This question is related with the Cardinality of the continuum and Zeno's paradox about Achilles and the tortoise regarding the concept of infinity. I would like to know if the following guessings are valid or there are flaws on the train of thoughts. It is a paradox regarding the measurement of a finite distance:
(Caveat: I will try to clarify the question as much as possible, but I understand that it might not fit the standards of MSE. If finally I am not able to do it correctly I will remove the question to keep clean the open question list).
We, as humans, measure distance in specific discrete units: steps, meters, half meters, centimeters, etc. When we do so, we can measure a finite distance in some finite time units. E.g.: we can measure that the distance to the door is $12$ steps and we can verify that calculation in less than (just an example) $10$ seconds.
But this is because we are measuring by using discrete distance units. A meter, a centimeter, etc. But what happens if we use an infinitely accurate unit of measurement? My guessing is that we cannot finish measuring the finite distance, because we need an infinite time to measure exactly the distance when the accuracy of the distance is forced to be infinite. My guessing ($G1$): the accuracy (length) of a distance measurement would be in that case equivalent to the cardinality of the continuum, $c$. In other words: humans cannot afford to be infinitely accurate.
Now imagine a non human being that is able to measure using an infinite distance unit in a finite (for the being, not for us humans) discrete unit of time. This being can measure the specific relative position of a point with infinite accuracy respect to another reference point in a finite time unit (of the being).
My guessing is that ($G2$) if this being is able to measure in some finite units (for the being) of time the finite (again for the being) distance, that time frame is measured in the "cardinality of the continuum" $c$ units of time. So this being can measure in discrete infinite time units a discrete distance measured in an infinitely accurate distance unit.
So my question are:
Are the guessings $G1$ and $G2$ valid or there are flaws in the train of thoughts?

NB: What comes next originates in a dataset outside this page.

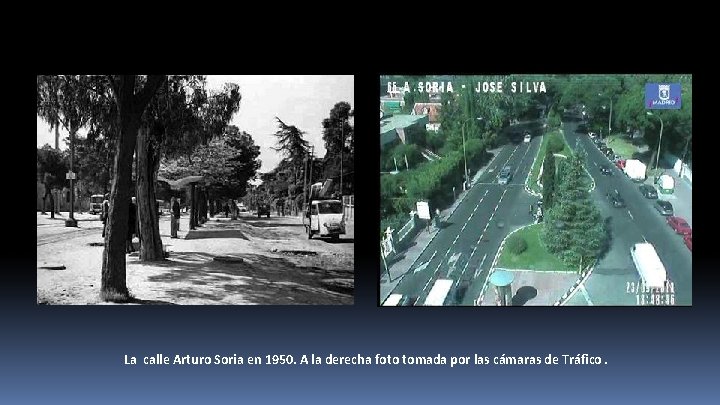 La calle Arturo Soria en 1950. A la derecha foto tomada por las cámaras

Let us imagine that a human is watching this being to measure the distance, since the very moment the being starts to measure it. My guessing is that the human will not see the being finishing the measuring of the distance, but the being will surely finish to measure sometime in his different discrete units frame of time. So basically the clocks of the human and the being are different and an action that for humans will take an infinite time for the being will be a finite time. Is this correct? Thank you!